Ce qui nous permet de faire cela, c’est un sens quelque peu négligé, l’intéroception, le sens d’entendre et d’interpréter les informations qui viennent de l’intérieur du corps comme le rythme cardiaque ou la fréquence respiratoire, la faim et la soif, la satiété, le besoin d’aller aux toilettes, qu’il faut donc entraîner ainsi que la proprioception, le sens qui informe en permanence le cerveau des mouvements et de leurs conséquences. «Tout ce qui améliore l’entéroception et la proprioception pourrait aider à retrouver une perception correcte de la fatigue et donc à prévenir et gérer la fatigue pathologique», conclut Fiorio.

Méditation et exercice pour se sentir en forme

Faire « parler » le cerveau plus et mieux avec le corps permet d’éviter une fatigue non motivée. Le dialogue peut être encouragé à partir du psychisme ou du corps : la méditation, par exemple, amène l’esprit mais aussi le corps dans un état de repos profond et s’est avérée capable de gérer la fatigue chronique et de réduire la fatigue mentale, selon une revue d’études menée par des chercheurs de l’université de Daejeon en Corée du Sud.

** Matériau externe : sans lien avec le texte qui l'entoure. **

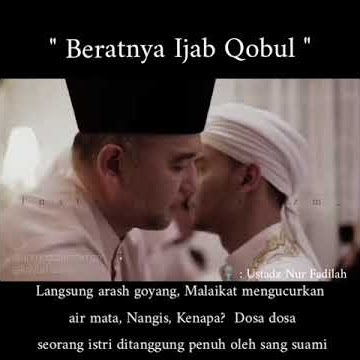 Beratnya Ijab Qobul.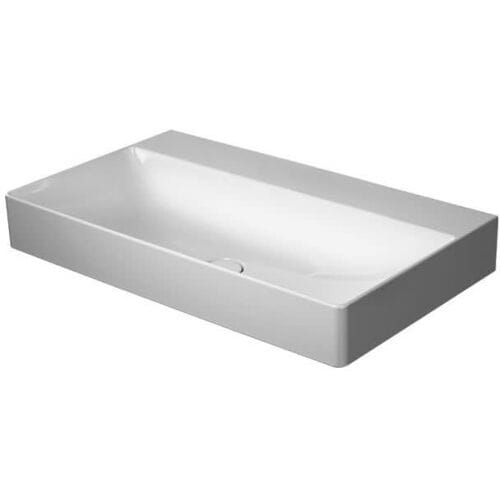 Duravit DuraSquare washbasin without tap hole, without overflow 80 x 47 cm 2353800070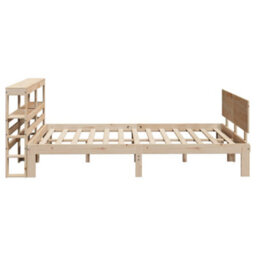 Berkfield Bed Frame With Headboard Without Mattress 160X200 Cm - thumbnail 5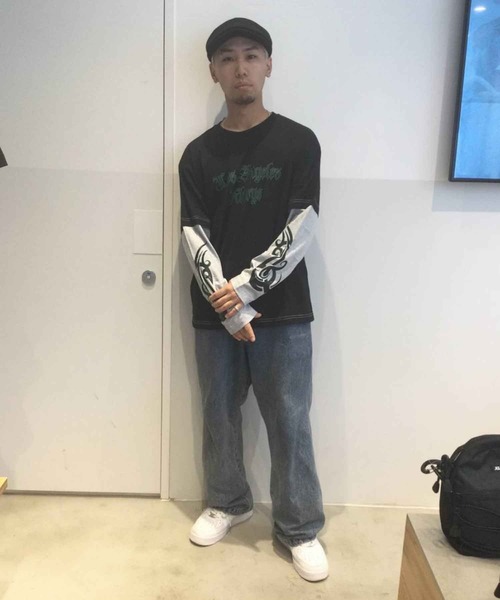 XLARGE（エクストララージ）の「TRIBAL LAYERED L/S TEE（Tシャツ/カットソー・メンズ・ブラック/ブラウン/グリーン・S/M/L/XL）」の19枚目の写真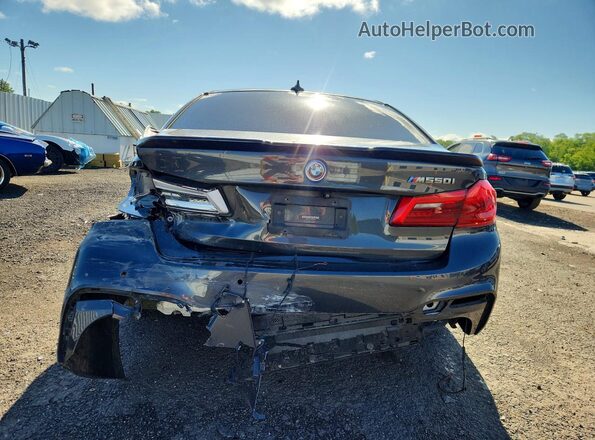 WBAJS7C02LCE14810 2020 BMW M5 Silver Widok z tyłu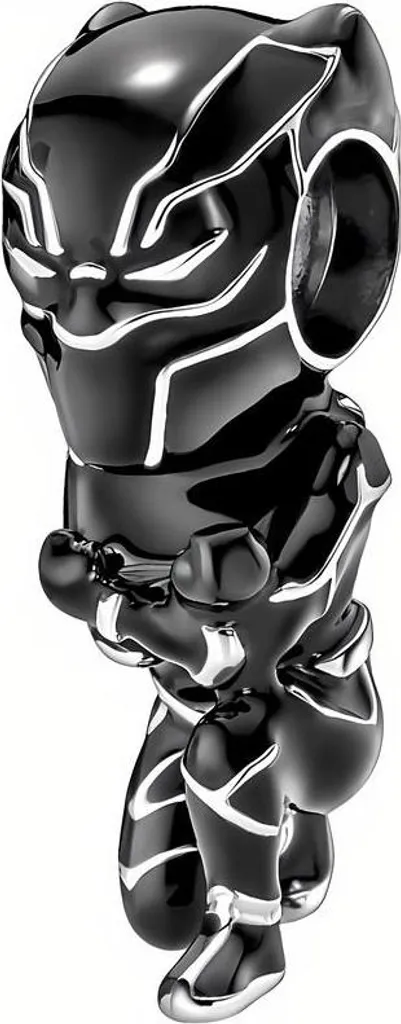 Ciondolo Black Panther Pandora 790783C01 Argento e Smalto Nero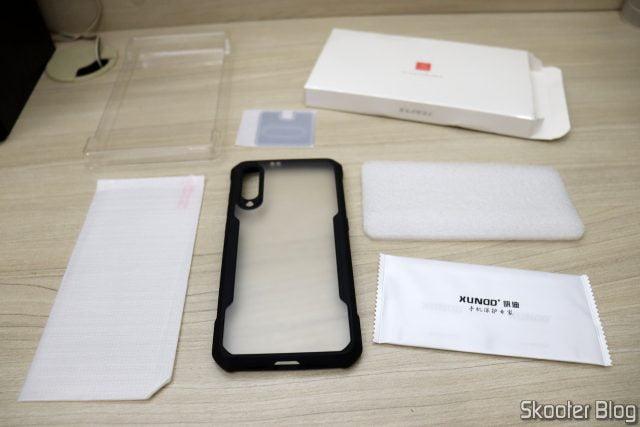 Capa para o Xiaomi Mi 9 Xundd à Prova de Choque, e acessórios.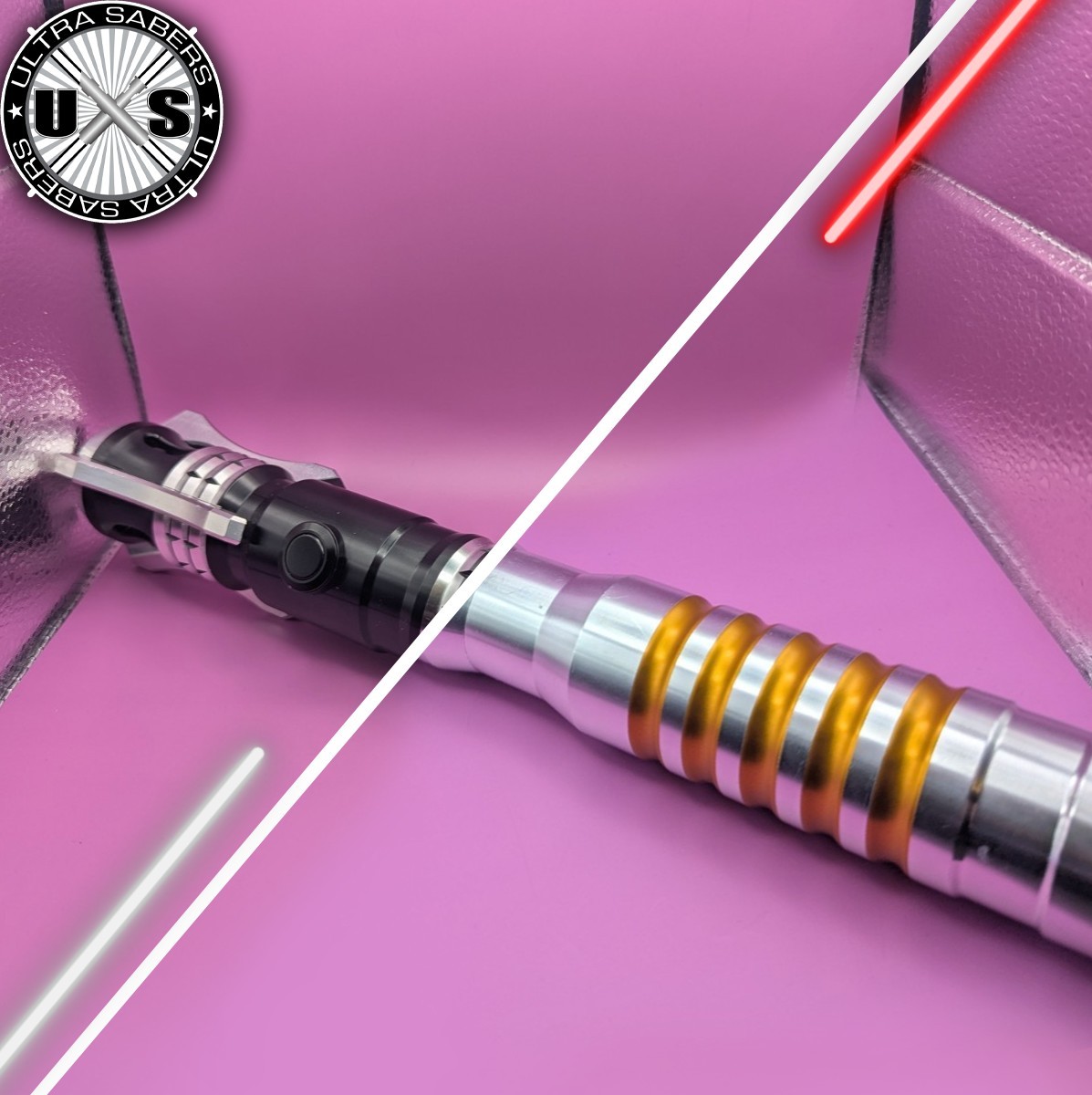 Ultrasabers Lot of 3 Stunt Sabers Dark Initiate LE V5 Aeon LE V4 Aeon V2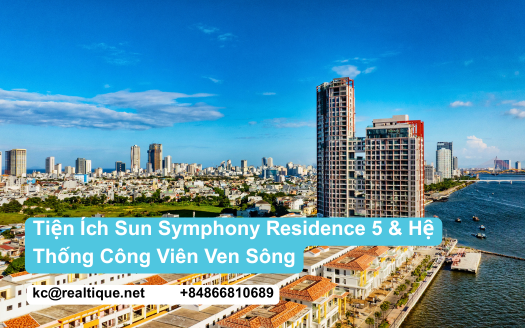 Tiện ích Sun Symphony Residence 5 và chuỗi công viên ven sông Hàn Đà Nẵng | Sun Symphony Residence 5 amenities and riverside parks in Da Nang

D’autre part, l’exercice physique est un excellent régulateur de la fatigue car il entraîne le cerveau à interpréter correctement les sensations qui proviennent des muscles et du corps en général, améliorant ainsi la capacité d’entéroception et de proprioception : cela a été confirmé par une analyse de plus de 80 études, démontrant comment s’entraîner régulièrement, sans exagérer avec intensité, augmente la sensation de vitalité et d’énergie, tandis qu’être sédentaire donne plus souvent l’impression d’avoir des batteries faibles.